■ Required work ■
Could you return the entire listing below exactly as written?
** Opening Supplied data block **
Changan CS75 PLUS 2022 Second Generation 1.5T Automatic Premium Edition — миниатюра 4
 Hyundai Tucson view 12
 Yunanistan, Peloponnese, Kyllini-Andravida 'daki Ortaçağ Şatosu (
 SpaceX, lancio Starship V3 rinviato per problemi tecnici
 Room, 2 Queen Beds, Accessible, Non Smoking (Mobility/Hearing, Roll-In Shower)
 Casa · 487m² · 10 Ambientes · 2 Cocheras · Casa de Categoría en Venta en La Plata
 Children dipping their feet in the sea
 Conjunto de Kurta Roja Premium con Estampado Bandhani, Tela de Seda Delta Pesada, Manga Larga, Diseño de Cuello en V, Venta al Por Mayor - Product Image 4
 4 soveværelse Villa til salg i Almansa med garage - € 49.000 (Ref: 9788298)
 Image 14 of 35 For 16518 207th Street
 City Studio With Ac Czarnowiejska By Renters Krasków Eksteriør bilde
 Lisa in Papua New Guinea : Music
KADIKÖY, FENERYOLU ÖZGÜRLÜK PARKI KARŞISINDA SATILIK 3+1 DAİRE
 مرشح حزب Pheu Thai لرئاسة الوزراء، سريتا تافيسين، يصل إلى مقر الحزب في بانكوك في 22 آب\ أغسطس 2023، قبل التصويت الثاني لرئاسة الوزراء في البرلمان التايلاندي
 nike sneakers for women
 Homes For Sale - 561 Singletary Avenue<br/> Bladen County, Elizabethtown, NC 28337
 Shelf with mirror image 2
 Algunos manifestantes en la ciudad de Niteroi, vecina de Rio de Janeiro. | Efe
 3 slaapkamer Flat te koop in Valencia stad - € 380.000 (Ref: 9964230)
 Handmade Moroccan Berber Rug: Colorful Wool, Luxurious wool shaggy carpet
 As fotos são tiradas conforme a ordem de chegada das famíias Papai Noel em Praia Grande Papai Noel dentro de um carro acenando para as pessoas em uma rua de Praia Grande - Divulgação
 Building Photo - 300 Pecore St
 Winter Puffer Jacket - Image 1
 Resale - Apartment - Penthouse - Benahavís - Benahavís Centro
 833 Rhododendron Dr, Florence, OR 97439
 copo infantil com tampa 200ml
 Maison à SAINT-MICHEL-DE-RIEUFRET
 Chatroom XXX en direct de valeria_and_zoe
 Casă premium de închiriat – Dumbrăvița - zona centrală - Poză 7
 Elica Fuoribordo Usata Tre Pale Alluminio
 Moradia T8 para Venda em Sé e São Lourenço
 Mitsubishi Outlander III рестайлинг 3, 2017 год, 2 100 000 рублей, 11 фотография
** Closing Supplied data block **
■ Result for this task ■
Changan CS75 PLUS 2022 Second Generation 1.5T Automatic Premium Edition — миниатюра 4
 Hyundai Tucson view 12
 Yunanistan, Peloponnese, Kyllini-Andravida 'daki Ortaçağ Şatosu (
 SpaceX, lancio Starship V3 rinviato per problemi tecnici
 Room, 2 Queen Beds, Accessible, Non Smoking (Mobility/Hearing, Roll-In Shower)
 Casa · 487m² · 10 Ambientes · 2 Cocheras · Casa de Categoría en Venta en La Plata
 Children dipping their feet in the sea
 Conjunto de Kurta Roja Premium con Estampado Bandhani, Tela de Seda Delta Pesada, Manga Larga, Diseño de Cuello en V, Venta al Por Mayor - Product Image 4
 4 soveværelse Villa til salg i Almansa med garage - € 49.000 (Ref: 9788298)
 Image 14 of 35 For 16518 207th Street
 City Studio With Ac Czarnowiejska By Renters Krasków Eksteriør bilde
 Lisa in Papua New Guinea : Music
KADIKÖY, FENERYOLU ÖZGÜRLÜK PARKI KARŞISINDA SATILIK 3+1 DAİRE
 مرشح حزب Pheu Thai لرئاسة الوزراء، سريتا تافيسين، يصل إلى مقر الحزب في بانكوك في 22 آب\ أغسطس 2023، قبل التصويت الثاني لرئاسة الوزراء في البرلمان التايلاندي
 nike sneakers for women
 Homes For Sale - 561 Singletary Avenue<br/> Bladen County, Elizabethtown, NC 28337
 Shelf with mirror image 2
 Algunos manifestantes en la ciudad de Niteroi, vecina de Rio de Janeiro. | Efe
 3 slaapkamer Flat te koop in Valencia stad - € 380.000 (Ref: 9964230)
 Handmade Moroccan Berber Rug: Colorful Wool, Luxurious wool shaggy carpet
 As fotos são tiradas conforme a ordem de chegada das famíias Papai Noel em Praia Grande Papai Noel dentro de um carro acenando para as pessoas em uma rua de Praia Grande - Divulgação
 Building Photo - 300 Pecore St
 Winter Puffer Jacket - Image 1
 Resale - Apartment - Penthouse - Benahavís - Benahavís Centro
 833 Rhododendron Dr, Florence, OR 97439
 copo infantil com tampa 200ml
 Maison à SAINT-MICHEL-DE-RIEUFRET
 Chatroom XXX en direct de valeria_and_zoe
 Casă premium de închiriat – Dumbrăvița - zona centrală - Poză 7
 Elica Fuoribordo Usata Tre Pale Alluminio
 Moradia T8 para Venda em Sé e São Lourenço
 Mitsubishi Outlander III рестайлинг 3, 2017 год, 2 100 000 рублей, 11 фотография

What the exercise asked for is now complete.